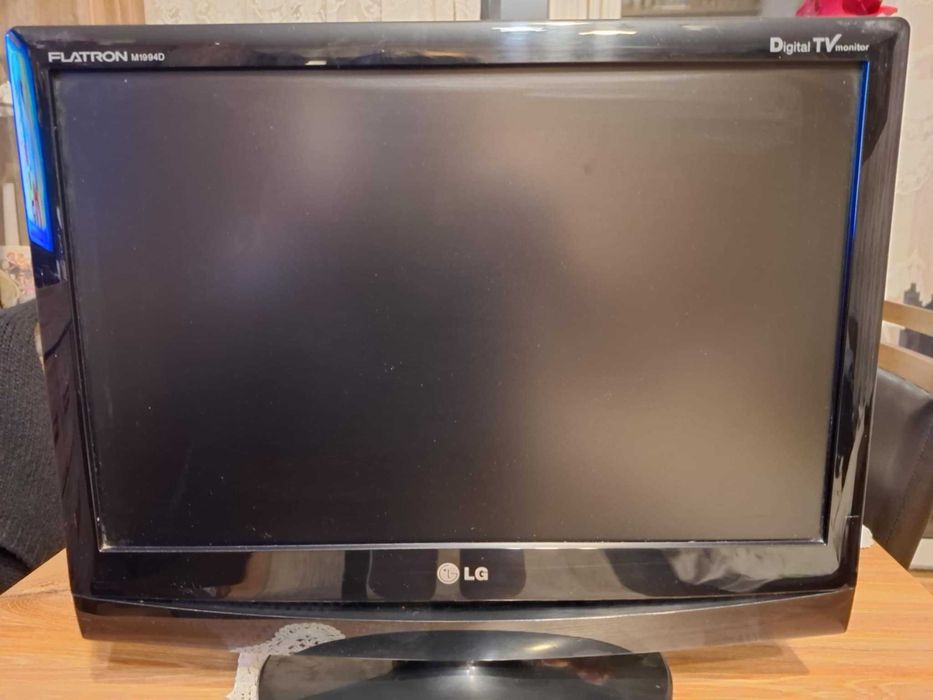 Monitor LG 19 cali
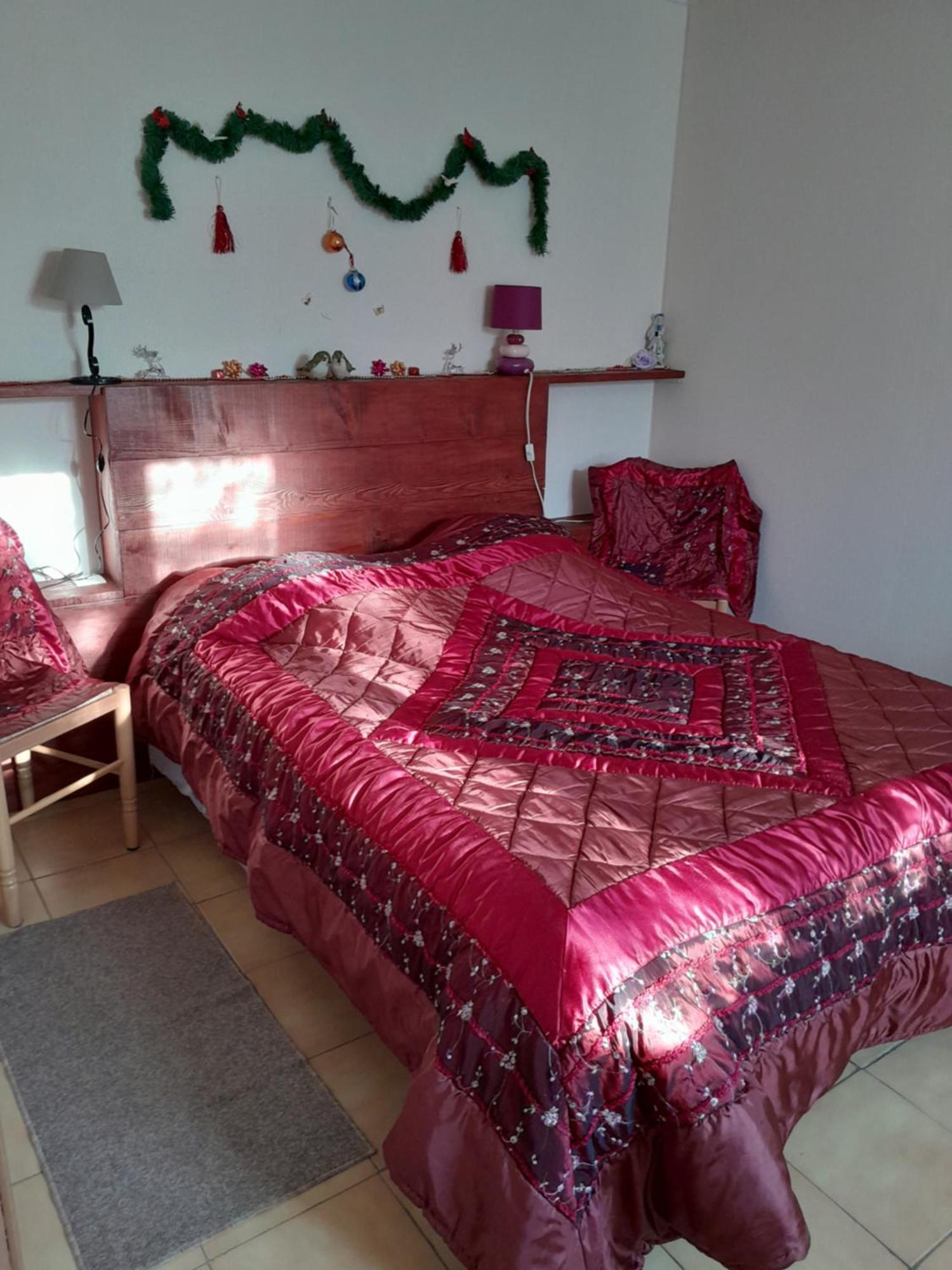 Chez Josie, Gîte et jardin privé, indépendant, calme, parking gratuit, Francheville  Exterior foto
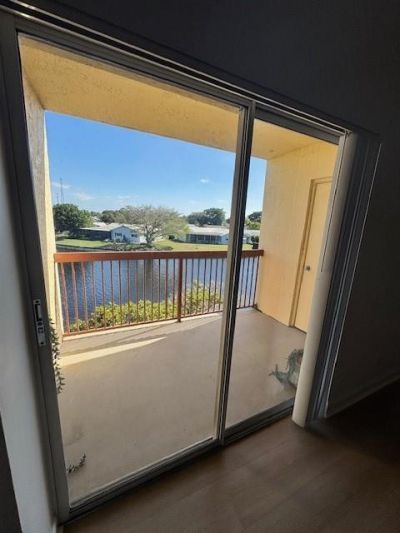 7640 Westwood Drive, Unit 417, Tamarac, FL 33321 Photo
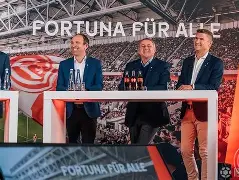 今晨莱比锡官宣签约：足总杯节点到来；球迷炸锅；赛程密集仍需轮换的简单介绍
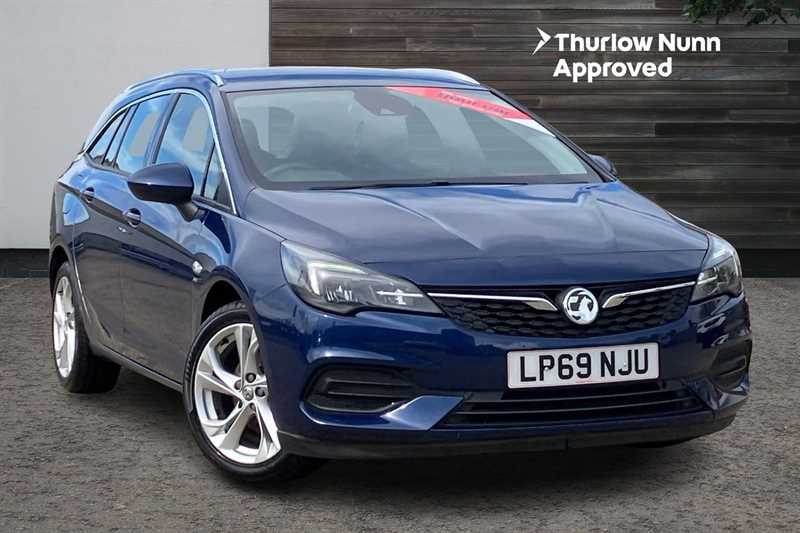 Main listing image - Vauxhall Astra Sports Tourer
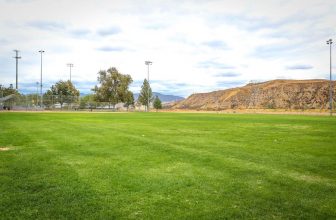 Fall Sports Coming to Castaic, Stevenson Ranch, Val Verde Parks
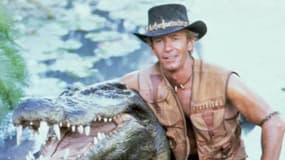 Le crocodile Burt et l'acteur Paul Hogan dans le film "Crocodile Dundee".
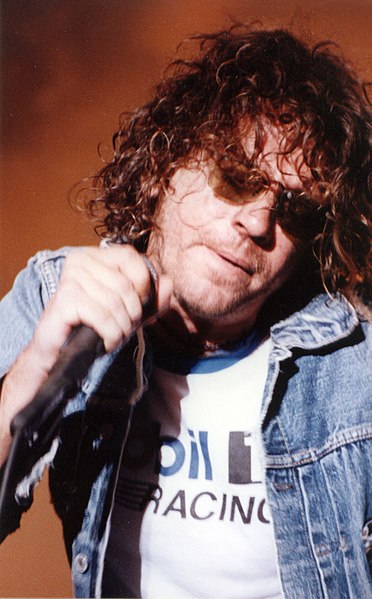 File:Michael Hutchence on stage.jpg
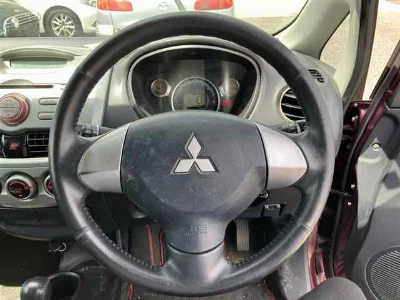 MITSUBISHI I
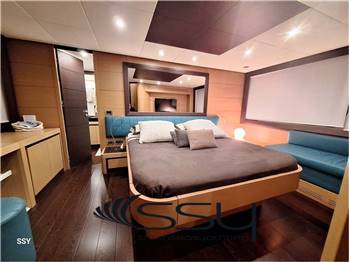 PERSHING 72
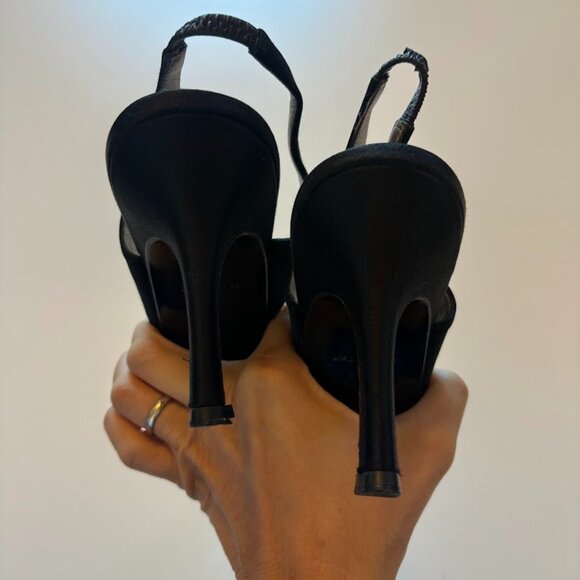 Chanel Iconic "CC" Black Mesh Sling Back Heel Luxury - Picture 7 of 15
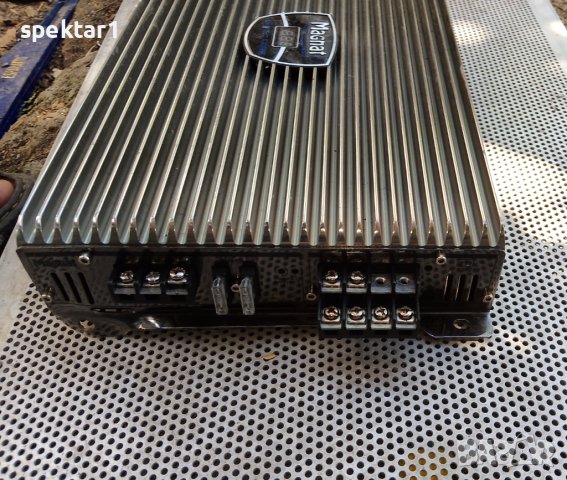 Автомобилен усилвател 1200 вата, снимка 3 - Ресийвъри, усилватели, смесителни пултове - 41809543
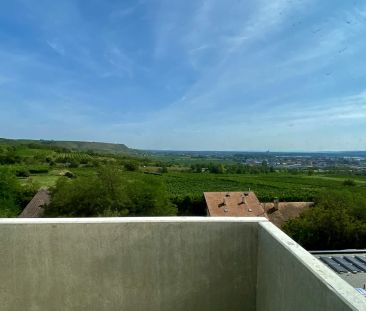 Neubau Erstbezug Wunderschöne Drei Zimmer Wohnung mit Balkon und he... - Foto 4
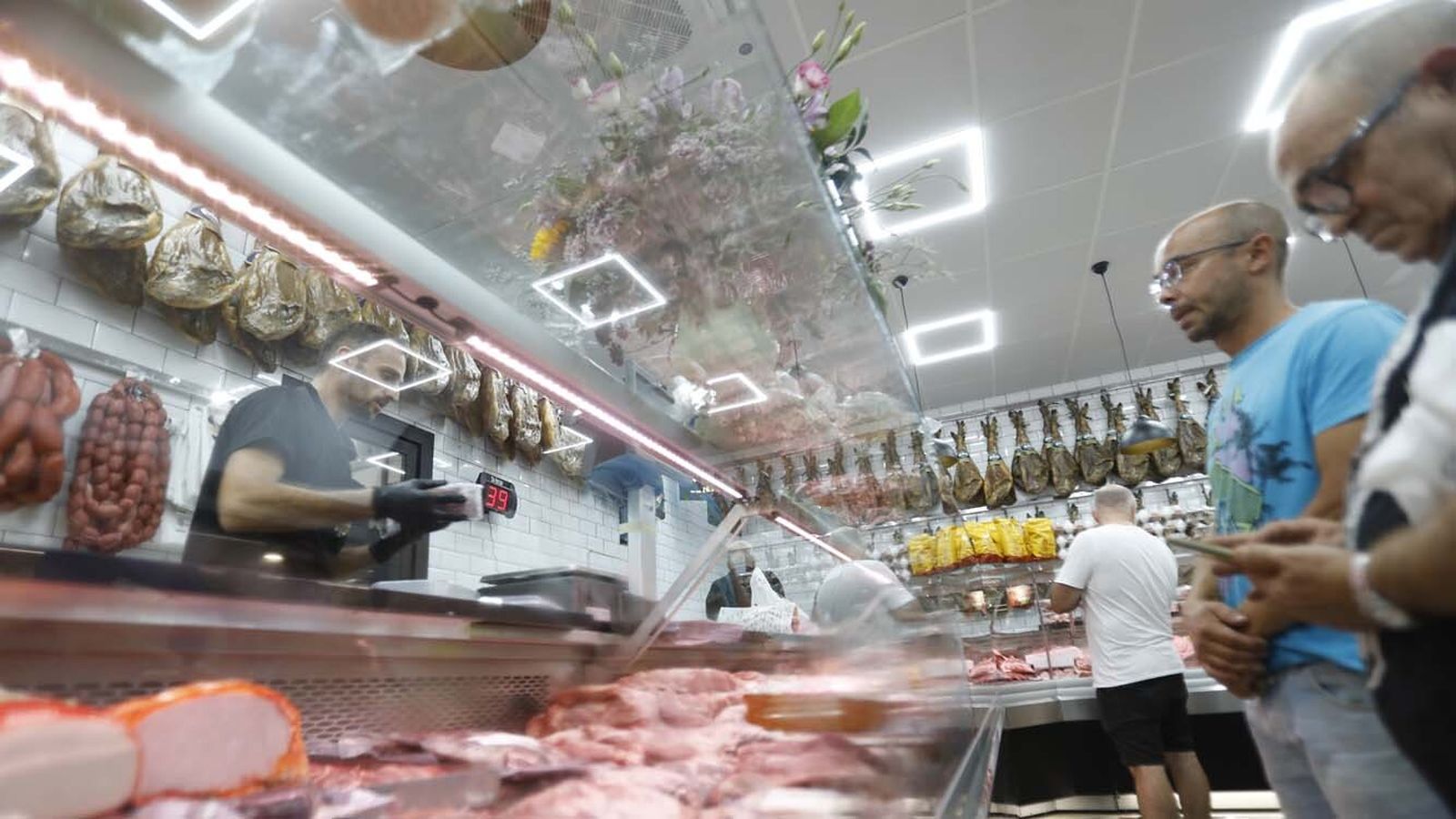 Las fotos de la reapertura de la Boutique de la Carne 42 días después del incendio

====

§ Exercise aim:
Restate word for word only the lines that run from the line holding "7640 Westwood Drive, Unit" to the end of the data, both ends kept, leaving every picture out.

§ The answer:
 7640 Westwood Drive, Unit 417, Tamarac, FL 33321 Photo
 今晨莱比锡官宣签约：足总杯节点到来；球迷炸锅；赛程密集仍需轮换的简单介绍
 Main listing image - Vauxhall Astra Sports Tourer
 Fall Sports Coming to Castaic, Stevenson Ranch, Val Verde Parks
 Le crocodile Burt et l'acteur Paul Hogan dans le film "Crocodile Dundee".
 File:Michael Hutchence on stage.jpg
 MITSUBISHI I
 PERSHING 72
 Chanel Iconic "CC" Black Mesh Sling Back Heel Luxury - Picture 7 of 15
 Автомобилен усилвател 1200 вата, снимка 3 - Ресийвъри, усилватели, смесителни пултове - 41809543
 Neubau Erstbezug Wunderschöne Drei Zimmer Wohnung mit Balkon und he... - Foto 4
 Las fotos de la reapertura de la Boutique de la Carne 42 días después del incendio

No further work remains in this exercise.